>>>>
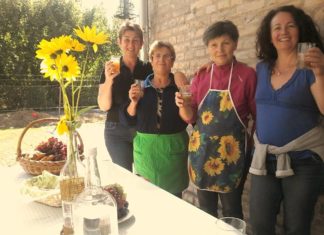 „Elmúlt a nyár, itt az ősz, / Szőlőt őriz már a csősz.” – Mustkészítés a Móra-Touristtal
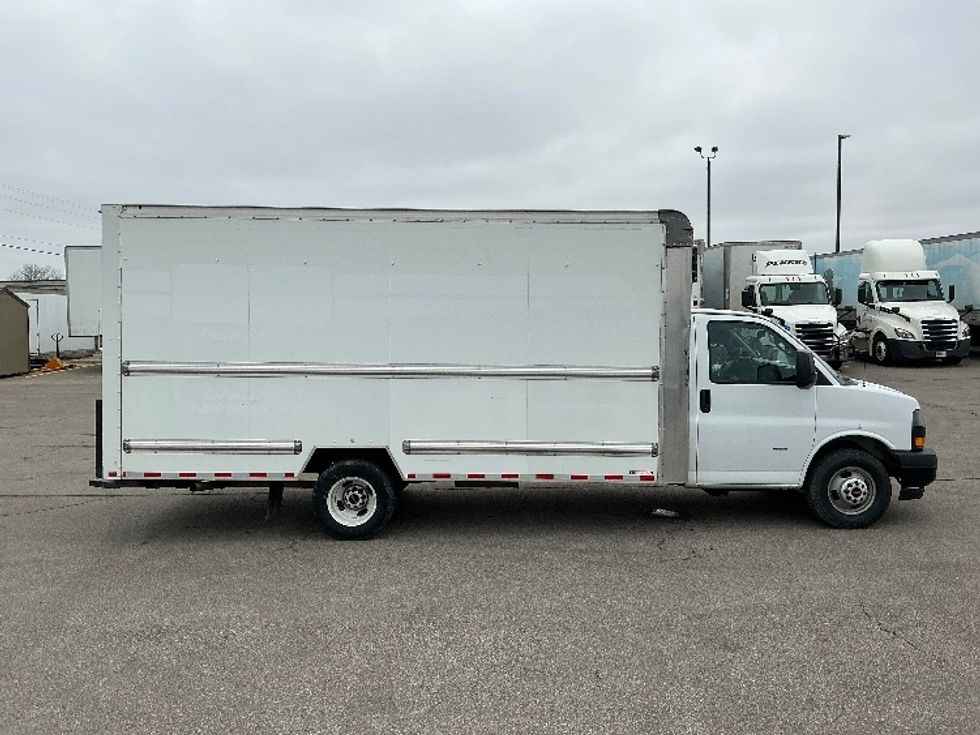 Light Duty Box Truck-Light and Medium Duty Trucks-GMC-2021-Savana G33903-Piqua-OH-92,425\n\t\tmiles-$ 29,500 - Image 13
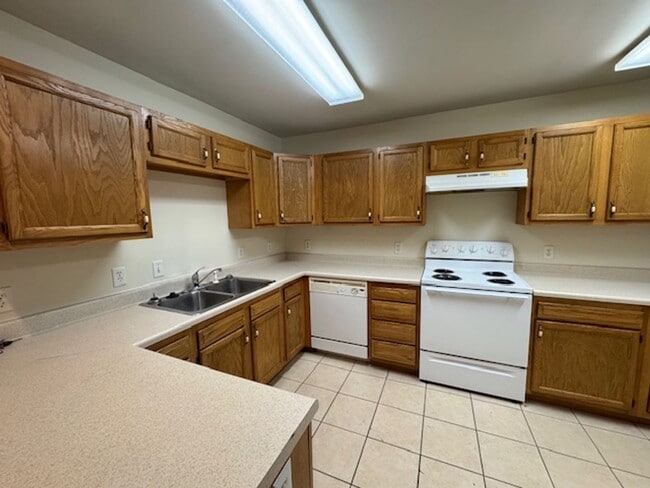 Building Photo - 3 Bedroom Townhouse in Bayshore Crossing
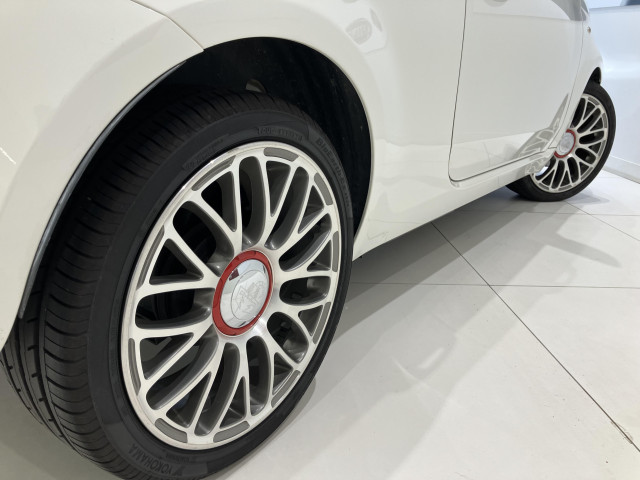 フィアット 500 ツインエア ポップの中古車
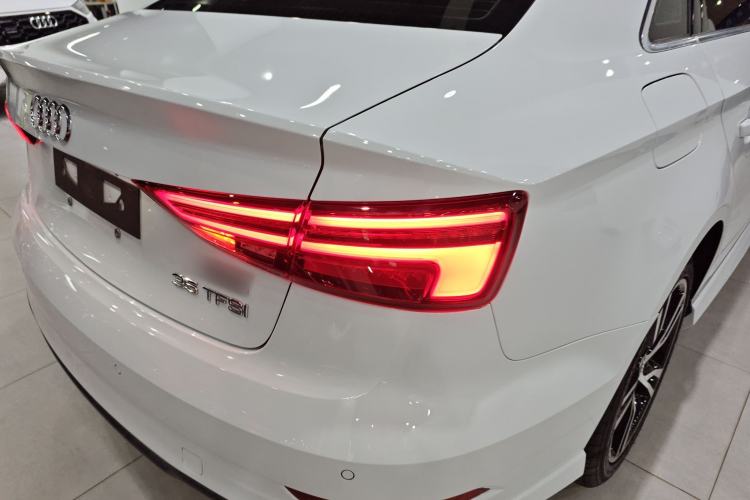 Used Audi A3 2020 Limousine 35 TFSI Fashion Edition China VI Emission Standard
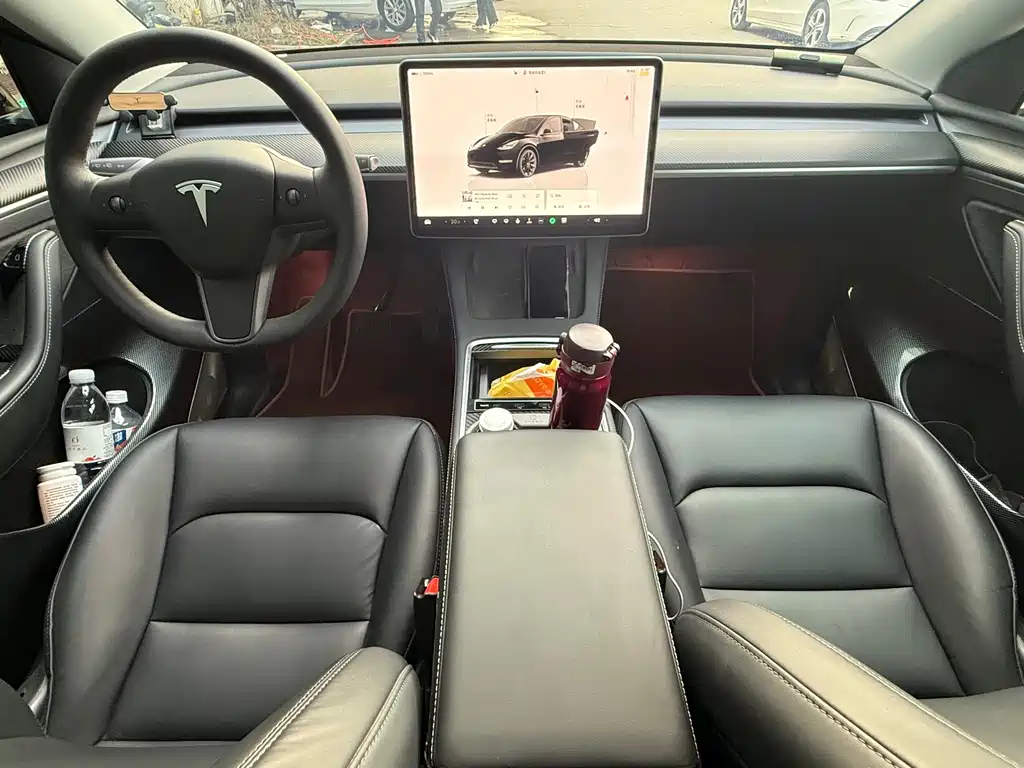 Tesla Model Y 2023 — фото 9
<<<<
PROBLEM STATEMENT: Output each line exactly as shown above; no pictures go in the copy.

TASK SOLUTION:
 „Elmúlt a nyár, itt az ősz, / Szőlőt őriz már a csősz.” – Mustkészítés a Móra-Touristtal
 Light Duty Box Truck-Light and Medium Duty Trucks-GMC-2021-Savana G33903-Piqua-OH-92,425\n\t\tmiles-$ 29,500 - Image 13
 Building Photo - 3 Bedroom Townhouse in Bayshore Crossing
 フィアット 500 ツインエア ポップの中古車
 Used Audi A3 2020 Limousine 35 TFSI Fashion Edition China VI Emission Standard
 Tesla Model Y 2023 — фото 9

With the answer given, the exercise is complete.